Les librairies devront donner envie aux clients de revenir par exemple en leur donnant la possibilité de rencontrer des auteurs, d’assister à des séances de dédicaces, de participer à des ateliers… Aujourd’hui, il est encore difficile de toucher et d’essayer des vêtements dans les boutiques d’habillement, mais dès que ce sera à nouveau possible, les magasins devront exploiter au maximum cet atout : c’est leur principal avantage par rapport aux acteurs en ligne. « Le livestream shopping est en plein essor, mais cela reste un gadget qui s’adresse surtout aux jeunes, pas aux plus de 40 ans. Le numérique ne peut pas tout remplacer.

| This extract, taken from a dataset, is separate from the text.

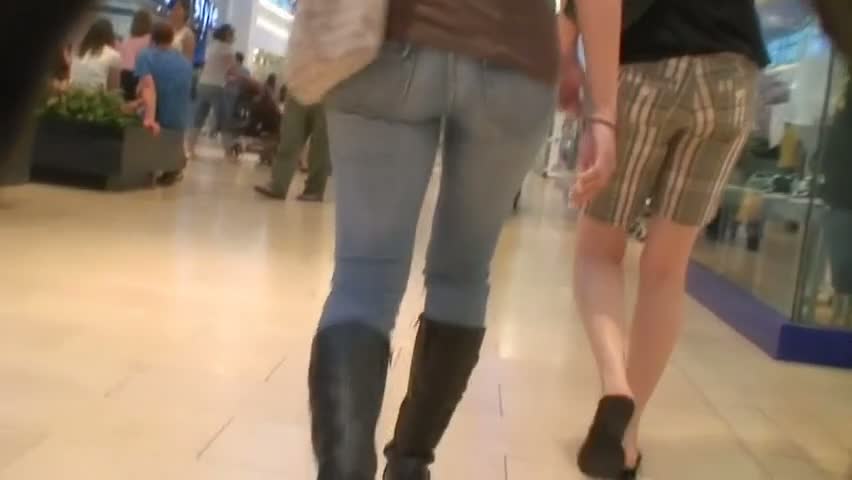 Sexy asses in tight jeans walking around clip by candid cam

Mais il peut compléter le magasin physique et faciliter la vie du consommateur. »
Le prix revient au premier plan
Ces dernières semaines, nous avons constaté une attention accrue pour une consommation plus responsable, plus réfléchie. Est-ce une tendance à long terme ? « Mon opinion est que cette tendance va rapidement faiblir parce que les consommateurs se concentrent toujours sur leur plus gros problème du moment. Jusqu’à il y a quatre mois, le climat était la priorité. Il y a deux mois, c’est devenu la santé. Et d’ici quelques mois, dans un contexte économique difficile, le pouvoir d’achat reviendra au premier plan. Il s’agira avant tout de pouvoir donner à manger aux enfants. La solidarité et le local seront alors relégués au second plan, même si les consommateurs sont pleins de bonnes intentions. Une partie de la population restera engagée, mais les moins bien lotis se tourneront vers les discounters. »
Le prix fera ainsi son retour au premier plan. Mais cela ne signifie pas qu’un retailer devra par définition axer sa communication sur cet aspect. Si ce n’est pas dans votre ADN, inutile d’insister. Il faut avant tout rester cohérent : « Comparez AS Adventure et Decathlon, par exemple. La mission de Decathlon est de mettre le sport à la portée de tous, tandis qu’AS Adventure s’adresse aux passionnés de plein air. AS Adventure ne va pas communiquer excessivement sur le prix, cela n’aurait aucun sens. Ils doivent partager leur passion, et ils le font bien. Sans quoi ils vont perdre leur clientèle qui conserve un certain pouvoir d’achat. Les amateurs de voyage en sac à dos devront peut-être changer de destination, mais ils continueront à voyager en sac à dos, si nécessaire en Belgique. » Pour résumer : restez fidèle à votre ADN, soyez cohérent, faites preuve d’empathie et restaurez votre relation avec le consommateur.